Webb v. Anderson, 224 F.3d 649, 652 (7th Cir. 2000) (quotation marks, citations,
parenthesis, and ellipsis omitted). A conduct report alone can be sufficient
evidence to support a finding of guilt. McPherson v. McBride, 188 F.3d at 786.
Mr. Hawthorne was charged with violating IDOC B-212, which is defined as,
“[c]omitting a battery/assault upon another person without a weapon or inflicting
.pdf. The conduct report charged Mr. Hawthorne as follows:
On 7-25-16 at approx 12:32 pm I Ofc. J. Cowe was
[unreadable] Offender Freeman, DCH 507 West from the counsel’s
office. Offender Hawthorn, DW-506 DOC 179916 had demanded to
see the counselor and I responded that she is busy and had been told
by her and me that the issue is being taken care of by her. As I was
leaving the 500 west range, Offender Hawthorne #179916 threw a
tray on the ground at me which hit my [unreadable].

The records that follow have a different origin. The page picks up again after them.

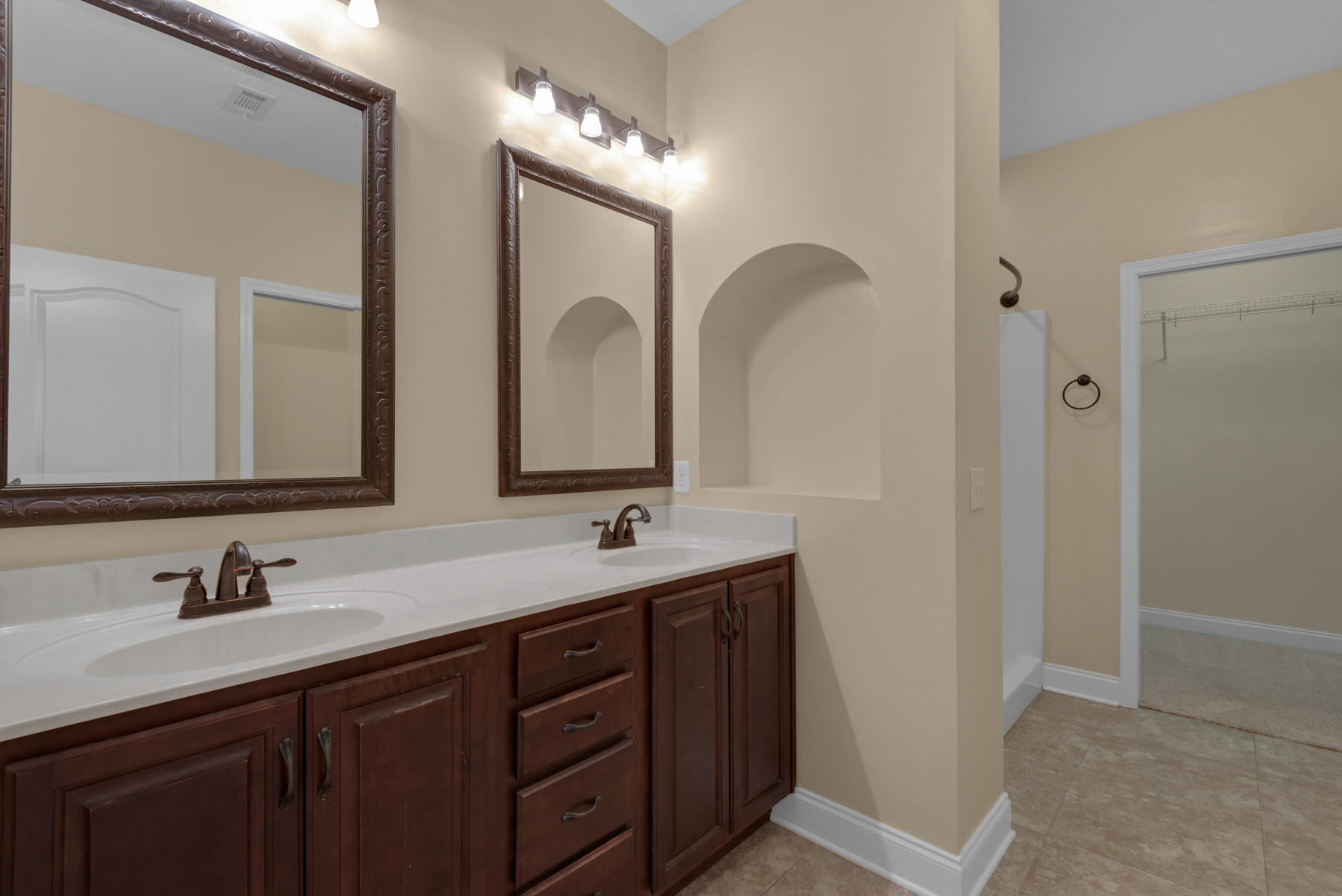 FOX VALLEY - Residential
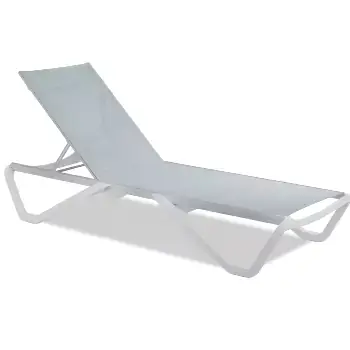 Chaise Lounge Plástico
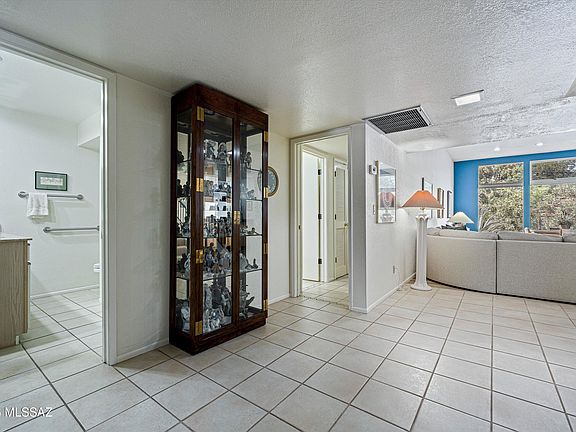 5th image of 5007 E South Regency Cir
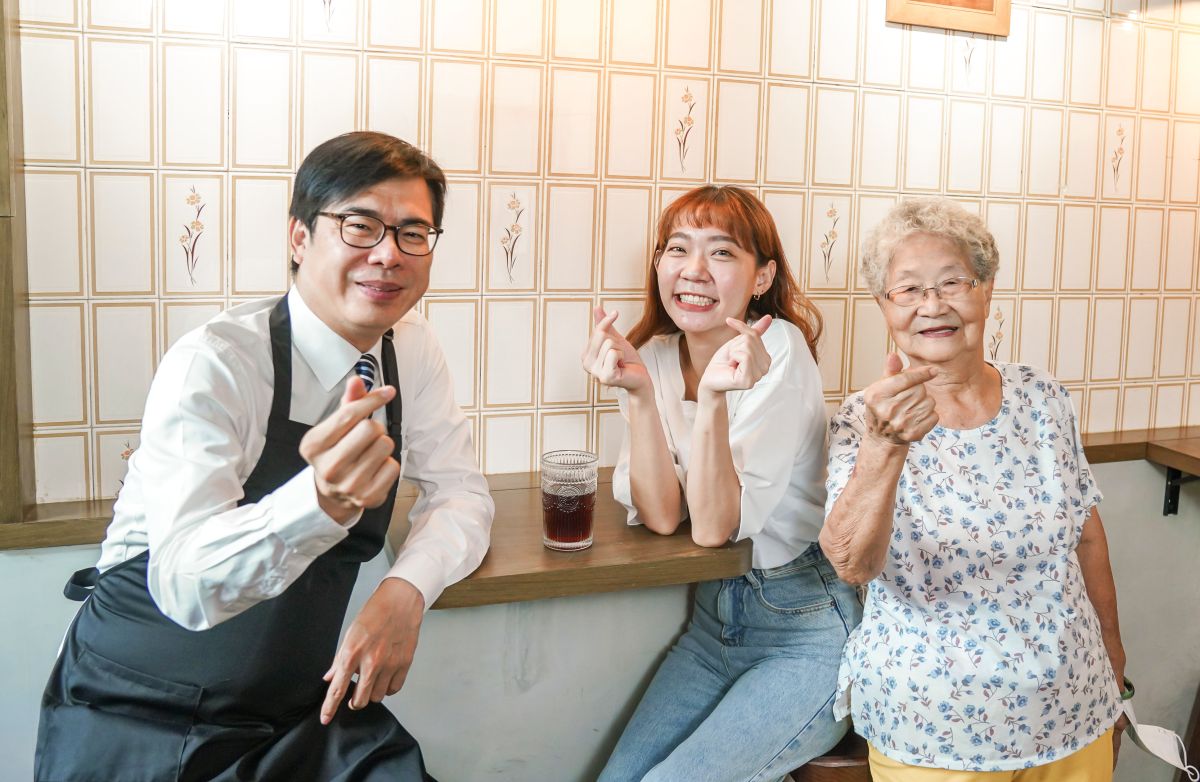 ▲陳其邁到鼓山區的「日腸小室古早味專門店」，大啖古早小吃，連店長阿嬤不斷比出愛心送給市長。（圖／翻攝自陳其邁臉書）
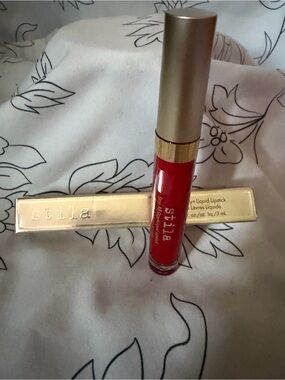 Stila Liquid Lipstick - Bold Red. Beso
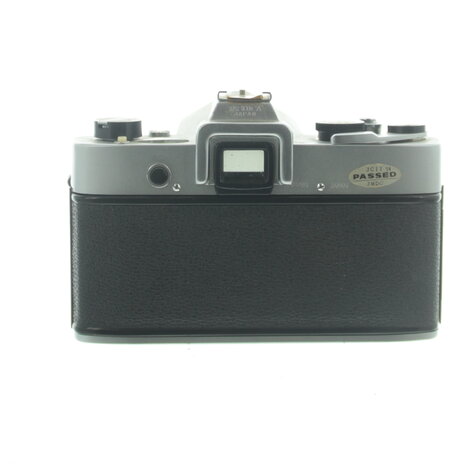 Yashica J-7 met pentacon auto 1.8/50 lens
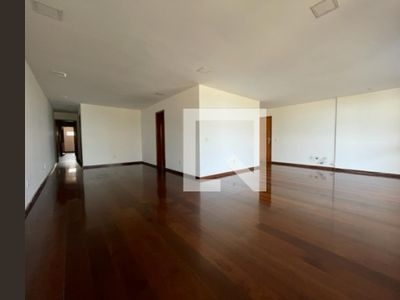 APARTAMENTO no 2º andar com 3 dormitórios e 3 garagens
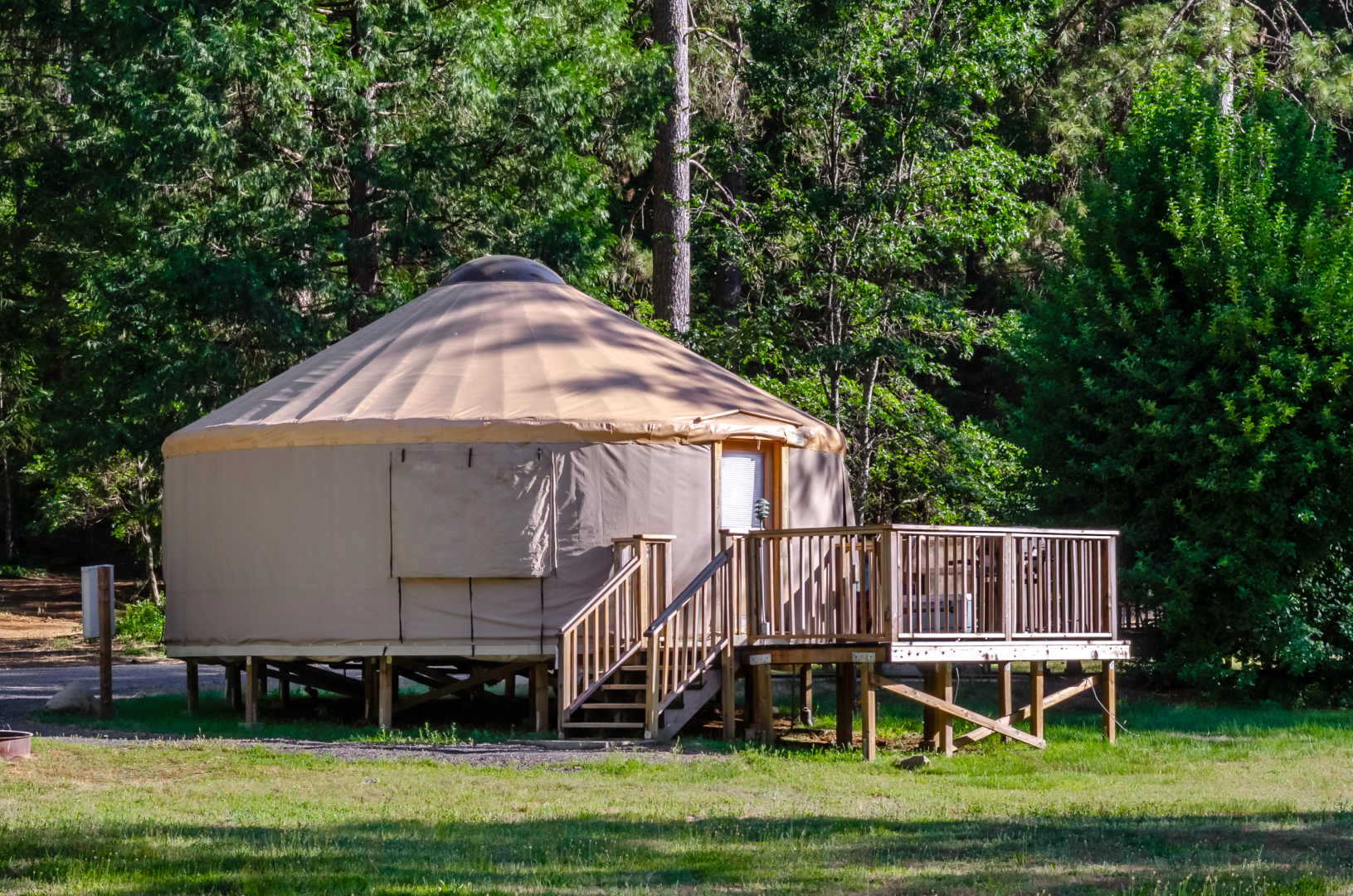 Yurt shop camping yosemite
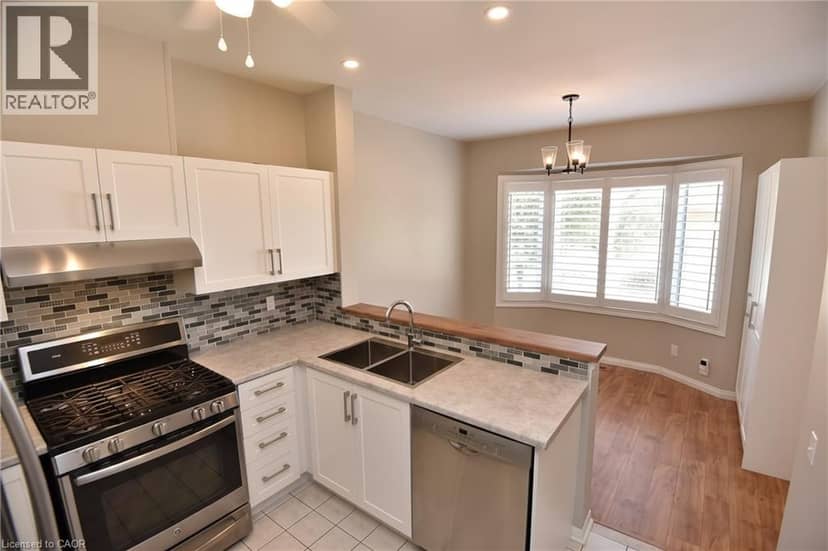 157 SILVERBIRCH Boulevard — photo 31 of 38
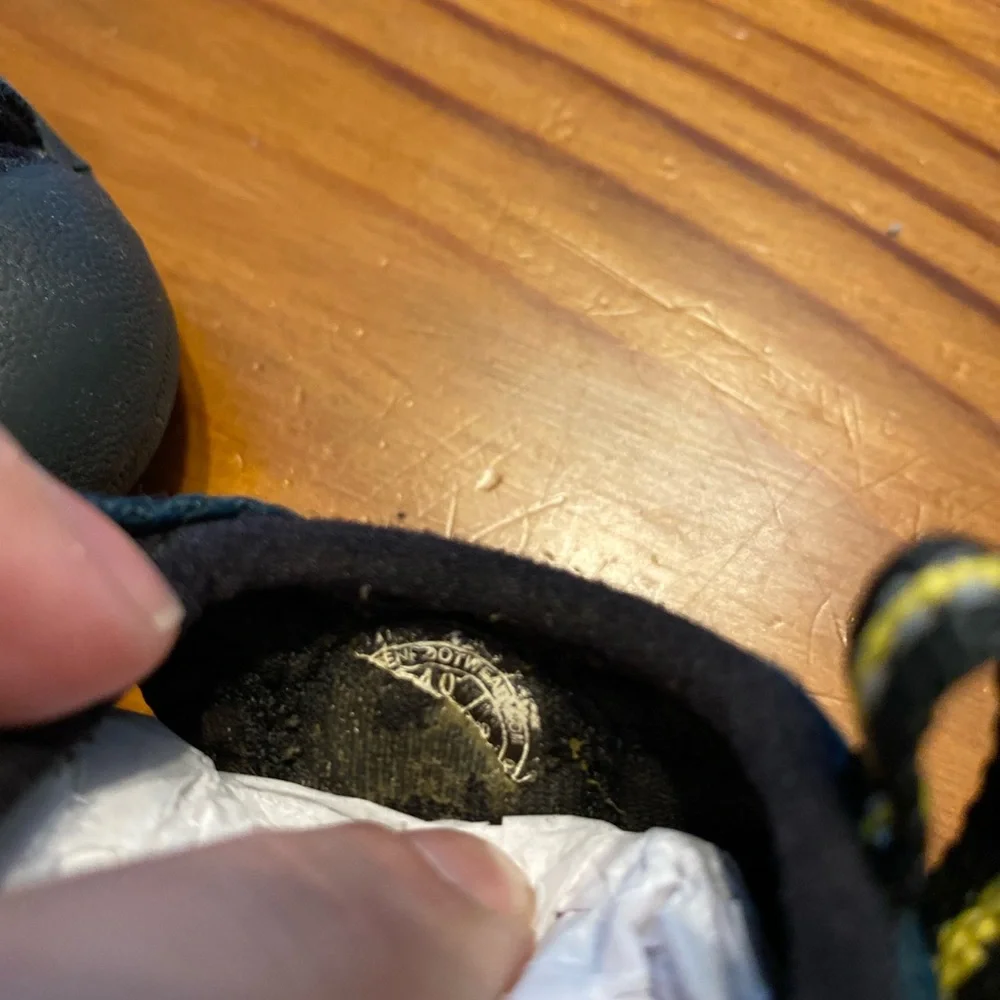 Keen Toddler Sandals (size 4) - Picture 7 of 7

ECF 7-1 at 1. The hearing officer reviewed the conduct report and video
surveillance footage of the incident. The hearing officer’s report of the video
evidence review states:
On 7-25-16 at approx. 1232PM Officer Cowe is escorting an offender
to his cell in IDU 507 West. He secures the offender, stops briefly at
506 West and as he is walking off of the range offender Hawthorne in
D 506 throws a hard food tray at him which the contents hit the
officer in the lower portion of his body and all over the range.
ECF 7-4 at 1. Based on the conduct report and video evidence, the hearing officer
decided that Mr. Hawthorne was guilty. This wasn’t an unreasonable or arbitrary
determination, and was supported by sufficient evidence. While a conduct report
alone can provide sufficient evidence, the hearing officer also had the benefit of
video footage that captured the event. In the video, the offender in cell 506
(identified by Officer Cowe as Mr. Hawthorne) speaks to Officer Cowe, and as
Officer Cowe walks away, throws a meal tray in his direction. Based on the video,
and Officer Cowe’s statement that the items on the tray made contact with his
person, the hearing officer had sufficient evidence to find Mr. Hawthorne guilty.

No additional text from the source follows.